Joint par téléphone jeudi, M. Pineault n’a pas souhaité faire de commentaires. Son avocate, Me Célia Hadid, a toutefois indiqué que son client, qui a toujours clamé son innocence, était soulagé par la conclusion du dossier.

« On parle d’accusations qui ont toutes sortes de conséquences dans la vie personnelle, surtout compte tenu du rôle qu’il occupait à cette époque. Il peut tourner la page maintenant », a indiqué MHadid en entrevue.

Elle a ajouté que M. Pineault « se porte présentement bien, aussi bien que quelqu’un qui a fait face à cette tempête pendant plusieurs années et qui en a vu finalement le bout la semaine dernière ».

La nouvelle survient alors que la gestion de Fierté Montréal est toujours marquée par des turbulences, six ans plus tard.

L’été dernier, le directeur général Simon Gamache avait annoncé sa démission au terme d’un été semé de controverses pour le festival.
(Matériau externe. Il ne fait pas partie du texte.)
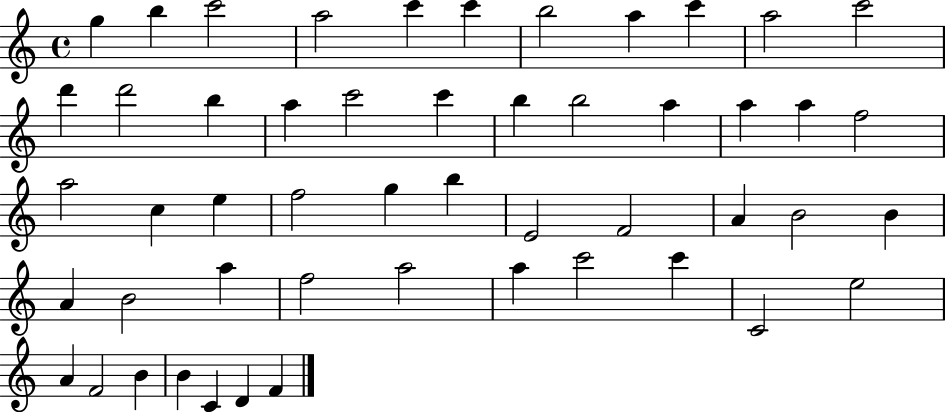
{
  \clef treble
  \time 4/4
  \defaultTimeSignature
  \key c \major
  g''4 b''4 c'''2 | a''2 c'''4 c'''4 | b''2 a''4 c'''4 | a''2 c'''2 | \break d'''4 d'''2 b''4 | a''4 c'''2 c'''4 | b''4 b''2 a''4 | a''4 a''4 f''2 | \break a''2 c''4 e''4 | f''2 g''4 b''4 | e'2 f'2 | a'4 b'2 b'4 | \break a'4 b'2 a''4 | f''2 a''2 | a''4 c'''2 c'''4 | c'2 e''2 | \break a'4 f'2 b'4 | b'4 c'4 d'4 f'4 | \bar "|."
} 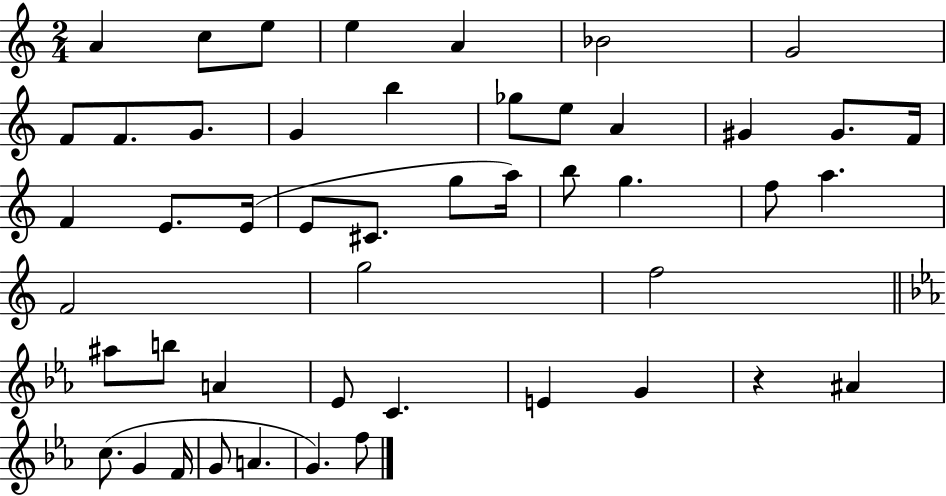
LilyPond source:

{
  \clef treble
  \numericTimeSignature
  \time 2/4
  \key c \major
  a'4 c''8 e''8 | e''4 a'4 | bes'2 | g'2 | \break f'8 f'8. g'8. | g'4 b''4 | ges''8 e''8 a'4 | gis'4 gis'8. f'16 | \break f'4 e'8. e'16( | e'8 cis'8. g''8 a''16) | b''8 g''4. | f''8 a''4. | \break f'2 | g''2 | f''2 | \bar "||" \break \key ees \major ais''8 b''8 a'4 | ees'8 c'4. | e'4 g'4 | r4 ais'4 | \break c''8.( g'4 f'16 | g'8 a'4. | g'4.) f''8 | \bar "|."
} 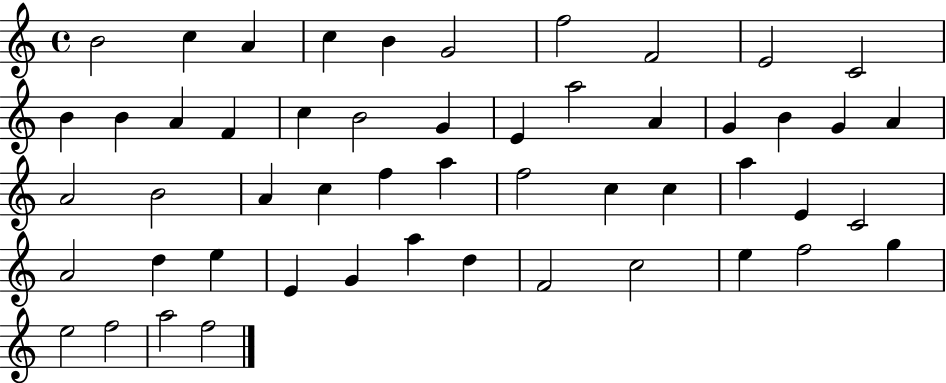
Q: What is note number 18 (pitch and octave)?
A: E4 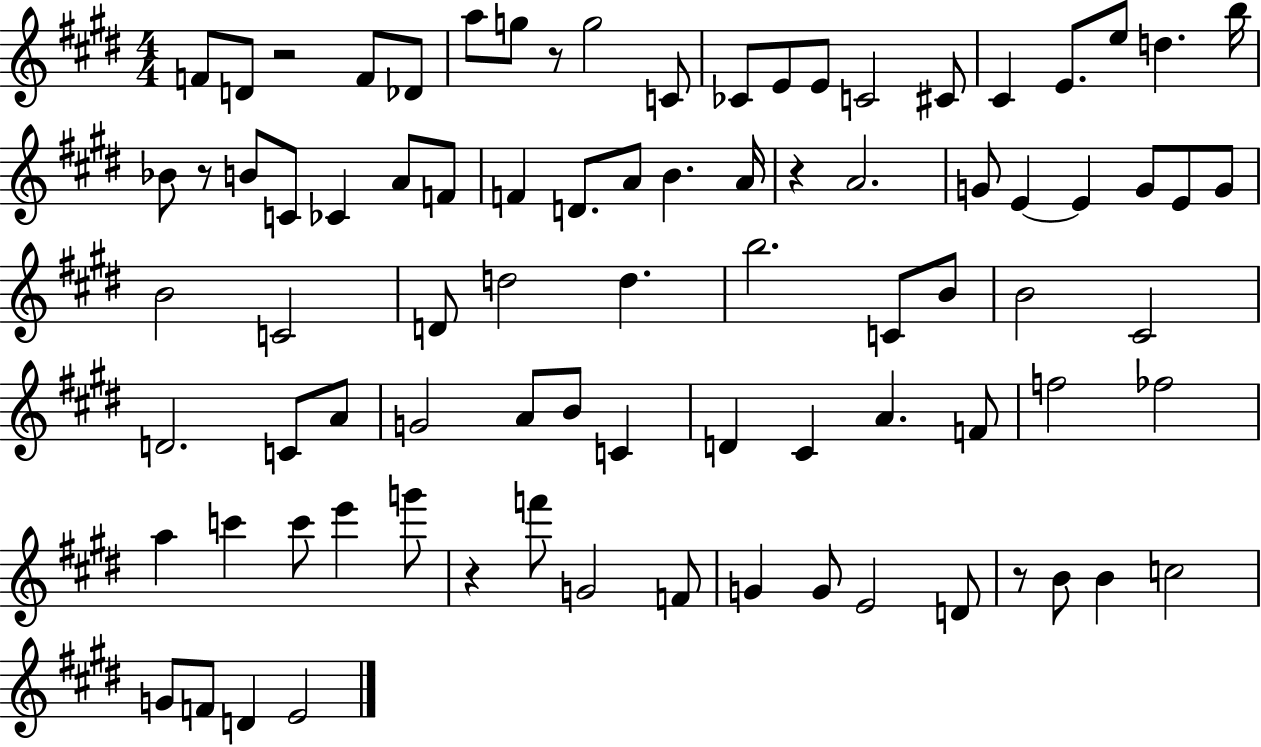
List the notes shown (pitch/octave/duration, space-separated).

F4/e D4/e R/h F4/e Db4/e A5/e G5/e R/e G5/h C4/e CES4/e E4/e E4/e C4/h C#4/e C#4/q E4/e. E5/e D5/q. B5/s Bb4/e R/e B4/e C4/e CES4/q A4/e F4/e F4/q D4/e. A4/e B4/q. A4/s R/q A4/h. G4/e E4/q E4/q G4/e E4/e G4/e B4/h C4/h D4/e D5/h D5/q. B5/h. C4/e B4/e B4/h C#4/h D4/h. C4/e A4/e G4/h A4/e B4/e C4/q D4/q C#4/q A4/q. F4/e F5/h FES5/h A5/q C6/q C6/e E6/q G6/e R/q F6/e G4/h F4/e G4/q G4/e E4/h D4/e R/e B4/e B4/q C5/h G4/e F4/e D4/q E4/h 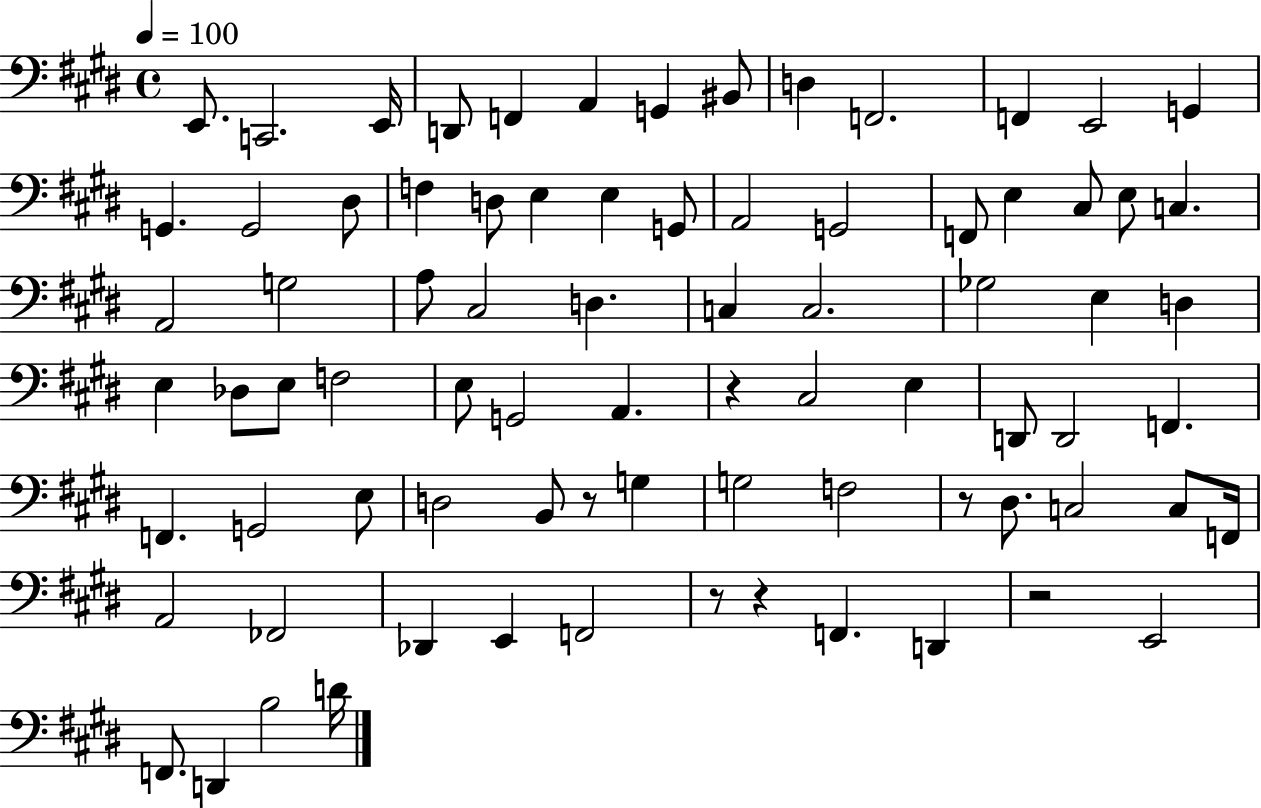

Peu avant, on avait également annoncé la démission du président du conseil d’administration, Bernard Truong, alors que le festival battait son plein.

Il s’agissait alors d’une énième péripétie dans le feuilleton Fierté Montréal, qui s’est enlisée dans la controverse tout au long de l’année, notamment en raison du conflit israélo-palestinien qui a causé un véritable schisme au sein de la communauté LGBTQ+ montréalaise et québécoise.

Plusieurs membres se sont par ailleurs dissociés de Fierté Montréal en raison d’un climat « toxique », au printemps 2025. Ces groupes reprochaient à l’organisme « des pratiques empreintes de misogynie, de racisme et de sexisme ».

Quand même du changement

Mise au fait de la situation, la direction de Fierté Montréal a indiqué jeudi qu’elle ne fera pas de commentaire direct sur la décision du tribunal.

Une porte-parole, Nathalie Roy, a toutefois indiqué que « les nouvelles administrations de Fierté Montréal ont posé des cadres stricts visant à prévenir et à lutter contre les violences sexuelles, les violences fondées sur le genre, le harcèlement et l’intimidation à tous les égards ».

« Une politique sur le harcèlement et l’intimidation en milieu de travail ainsi qu’une politique sur la divulgation des actes répréhensibles ont notamment été mises en place », a ajouté Mme Roy.

L’organisation dit aujourd’hui réaffirmer son engagement « à offrir des milieux sécuritaires, respectueux et bienveillants ».

« Nous souhaitons également que toute personne qui a vécu une situation de violence, de harcèlement ou d’intimidation sache qu’elle peut être accueillie avec écoute, respect et bienveillance, et qu’elle n’a pas à porter seule ce qu’elle a vécu », a conclu Mme Roy.